Los investigadores establecieron que bajo la costa norte de California, en la Triple Unión de Mendocino –punto que hasta ahora se creía lugar de encuentro y transición de solo tres placas tectónicas: Gorda, Norteamericana y Pacífica–, la realidad es más compleja: un fragmento de la placa Norteamericana se ha desprendido y se hunde junto con la placa oceánica Gorda, mientras que otro bloque independiente, llamado fragmento Pioneer, está siendo arrastrado bajo el continente por la placa del Pacífico. Esto revela que la zona la forman al menos cinco bloques tectónicos en movimiento, en vez de tres. 

El sismólogo David Shelly comparó las placas con un iceberg. "Puedes ver un poco en la superficie, pero tienes que averiguar cuál es la configuración debajo", indicó. 

Para realizar este descubrimiento, los científicos se enfocaron no en los grandes terremotos, sino en decenas de miles de temblores extremadamente pequeños, imperceptibles para las personas. Además, observaron que la frecuencia de estos pequeños temblores aumentaba ligeramente durante ciertas fases de las mareas oceánicas, lo que se debe a la atracción gravitacional de la Luna y el Sol, que también ejercen una leve presión sobre las placas terrestres. 

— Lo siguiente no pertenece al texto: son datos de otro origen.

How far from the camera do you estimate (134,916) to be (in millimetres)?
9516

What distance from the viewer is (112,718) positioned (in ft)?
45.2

"El límite de la placa parece no estar donde pensábamos que se encontraba", subrayó la especialista en geodesía Kathryn Materna. 

Este descubrimiento ayudó a resolver un misterio de larga data: por qué el gran terremoto de Petrolia en 1992, de magnitud 7.2, ocurrió a una profundidad mucho menor de lo previsto por los modelos en uso. 

El estudio apunta a que los modelos de predicción de terremotos podrían necesitar una actualización, para que los especialistas tengan más posibilidades de vaticinar cuándo ocurrirá un próximo gran sismo.